Revista Rua


Língua na Rua: Margens do Sujeito
(The language in the street: the margins of de subject)

Carolina P. Fedatto

24473 pessoas que moravam nas ruas/ Os moradores

Não há como significar o sujeito que está na rua sem dizer onde ele está, isto, é, dizendo apenas sua função social. As denominações acima podem ser formuladas como: os trabalhadores das ruas, os habitantes das ruas, os moradores das ruas; mantendo, assim, a especificidade dos sujeitos marginal-izados.

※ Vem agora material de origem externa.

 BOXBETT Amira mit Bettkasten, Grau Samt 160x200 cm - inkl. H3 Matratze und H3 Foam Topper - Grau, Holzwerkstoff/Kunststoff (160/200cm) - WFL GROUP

Mas, quando substituímos os adjuntos adnominais (que têm como propriedade estabelecer uma relação de pertencimento do sujeito com a rua) por adverbiais (que produzem um efeito de provisoriedade na relação sujeito-rua): os trabalhadores nas ruas, os habitantes nas ruas, os moradores nas ruas; as relações urbanas se confundem, os espaços não se delimitam bem, apagam-se as diferenças entre pedintes e trabalhadores, entre mendigos e moradores. E a língua textualiza essas diferenças, mostrando que determinadas funções – sintáticas – só podem ser exercidas por determinados sujeitos – urbanos, urbanizados: trabalhadores!
Mas como a cidade encara o fato da permanência desses sujeitos na rua? Vimos que o urbano busca conter o sentido da rua enquanto lugar possível para o sujeito e, considerando que “não há dominação sem resistência” (PÊCHEUX, 1997: 304), podemos dizer que a cidade, por sua vez, resiste, que o sujeito resiste, ficando na rua. Mas como ele fica?
 
Recorte 4:
Crianças pedindo dinheiro nas esquinas
Adolescentes assaltando motoristas em sinais de trânsito
Crianças e adolescentes trabalhando nos semáforos e ruas
 
O gerúndio será uma regularidade importante para compreendermos a tensa relação entre pertencimento e circunstancialidade do sujeito nas ruas. É interessante notar que esse gerúndio textualiza um modo de marcar a temporalidade, uma duração repetida, uma continuidade: são crianças e adolescentes pedindo, trabalhando, assaltando. A temporalidade e a espacialidade do sujeito são construídas por nomeações que impõem a marca do urbano na cidade. O tempo caracteriza o sujeito pela possibilidade de repetição, recorrência, reincidência: reincidente. Mas o espaço o significa como circunstancial, provisório (nas esquinas, em sinais de trânsito, nos semáforos e ruas). Esse jogo entre tempo e espaço constitui urbanamente o sujeito na cidade. O sujeito que está na rua é conformado e repelido pelo discurso da urbanidade.